Chief information officers (CIOs) that took part in the survey predicted that the public cloud would claim more than 40% of enterprise workload, up from the current 16.2%, over the next five years.
The authors of the report conclude that this “monumental architectural shift” to public cloud “shows no signs of abating and is likely to create a major ripple effect across the entire technology landscape.” The findings are based on a survey of 207 CIOs with an average annual IT budget per firm of $600 million, together representing some $126 billion in enterprise IT spending every year.
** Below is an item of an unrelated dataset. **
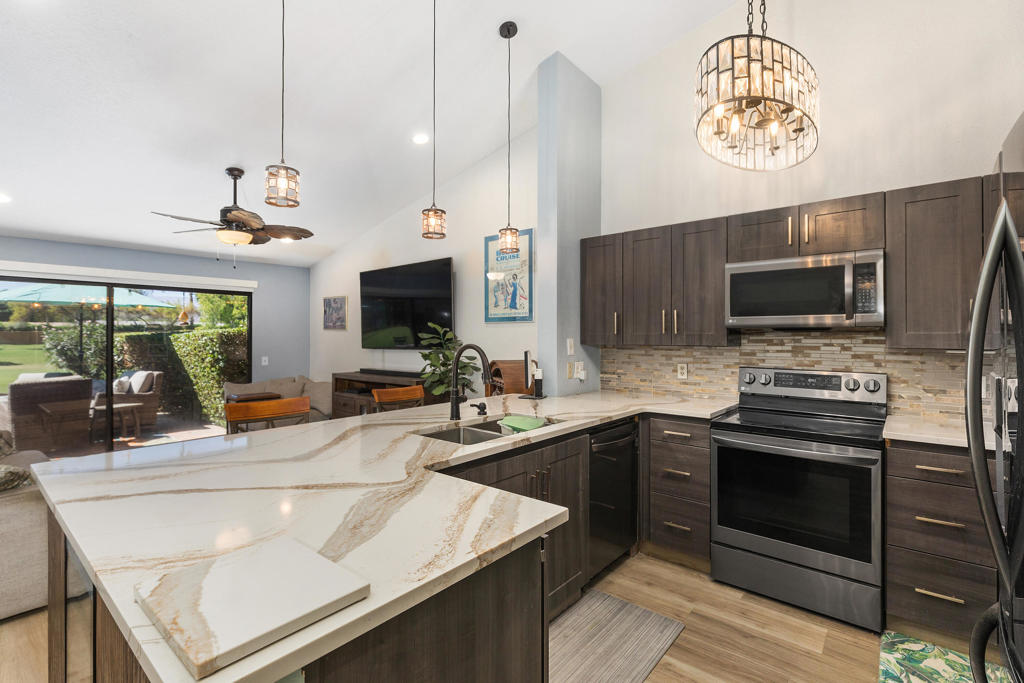 Woodhaven Country Cl - Residential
Amazon is the biggest cloud service vendor with revenue of nearly $8 billion. But the new report expects Microsoft to outpace Amazon as the demand for cloud service soars in the corporate world.
Some respondents have, however, praised AWS, saying that Amazon’s platform has “a transformative” power and a lot of IT assets will be migrated to AWS over the next 12 months.
Microsoft and Amazon are early entrants into the cloud market. It seems large firms favor Microsoft’s Azure while smaller firms have continued to find more benefits in AWS.
Despite their size, IT budgets at these firms are set to grow this year by only 2.8%, compared to more typical annual growth rates of 3% to 4%, the report said. At the largest firms — those with annual IT budgets of more than $2 billion — spending is expected to growth by less than 1%.
And as more businesses shift key operations to the cloud to cut cost, AWS is knocking once-dominant providers of legacy enterprise systems and services down a ranking of big IT vendors that CIOs at large corporations consider “most critical and indispensable” to their organization’s technology environment, the report said.